I first set up a makeshift table consisting of two pieces of old table top propped up on two cabinet doors. So I already knew what height and size of table worked best.
I wanted to build a better table for this "office". At right, a sketch
of my design for the legs for this table. Legs in the back,
cantilevered for the front.
I'm cutting in from both sides to make it easier on the table saw.
A table saw taper jig would be more accurate, but the way I cut the legs out of the board would not have been possible with a taper jig.
A good way to join the vertical and horizontal parts of the legs would be with a bridle joint. But I made a bridle joint with two tenons. I like to call this a multi-lap joint
I used the template feature of my quick-set tenon jig to cut these repeatably and accurately. I also cut them first at half depth, then at full depth to make the cuts easier on the table saw. Having the ability to repeatably reposition the stock makes this practical.
To cut the mating joints, I moved the template over by one tenon width. I used a piece of wood held on the jig (with my left hand) to mark where I previously had a slot. Unfortunately, the mounting slots on the ends of this template were too short, so I had to flip it around to get it in the right position.
For the part with the two tenons, I only made one cut near the edge on the jig side rather than hog away the whole tenon cheek/shoulder with the saw. I didn't want to cut into the jig. I finished that cut on the bandsaw later.
I applied glue between the tenons of the joint using a thin strip of wood.
Checking for square-ness using a try square
Cleaning up the edges of the joints on my homemade edge belt sander
Then rounding all the exposed edges with a 1/4" roundover bit.
The two C-shaped frames will form the left and right sides of the table. I made another frame to go between them to give the table some lateral stability. This frame is made the same way as the legs, so I didn't record making it.
The middle frame screws to the legs. At the top, it's screwed on from the outside, with the screws very near the top so they are mostly hidden by the table top. On the bottom it's screwed on from the inside.
But because I'm planning on using some solid wood for the table top, I need to allow for some shrinkage and expansion from humidity changes. So the screws would ideally be in slots.
I cut the slots by putting a 3/16" (5 mm) drill all the way in the drill press chuck and holding the workpiece in a drill press vise very close to the chuck for maximum stiffness. Then drilling some closely spaced holes, followed by drilling between the holes to hog out a slot.

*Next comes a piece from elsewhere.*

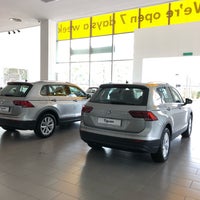 Goh Brothers Motor Volkswagen Auto Dealership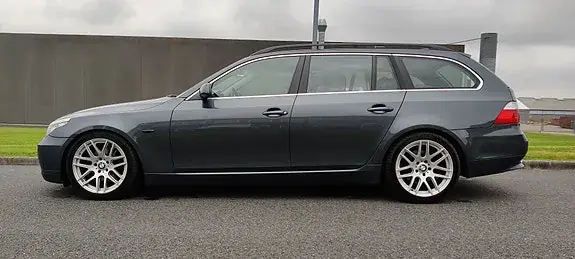 BMW 525I 2007 photo 3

The table top is made out of parts of one table top glued to another table extension leaf, both from the garbage. I first glued these together for my temporary table, but figured I might as well reuse that top.

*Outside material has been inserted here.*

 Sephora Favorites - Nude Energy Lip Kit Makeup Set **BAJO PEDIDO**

I also added four wooden pads to the bottom of the feet. These keep the table from rocking if the floor is uneven and also prevent the legs themselves from getting wet if I spill water or mop the floor.
And, of course, I had to do a jump-test with it!
The table flexes a little under load. The strength of these joints is limited by the strength of the wood - whatever it would take to break the tenons off the end of the wood (which would be a lot). The joints are very similar (but bigger) to those on my long reach C-clamps and those can take a lot of load.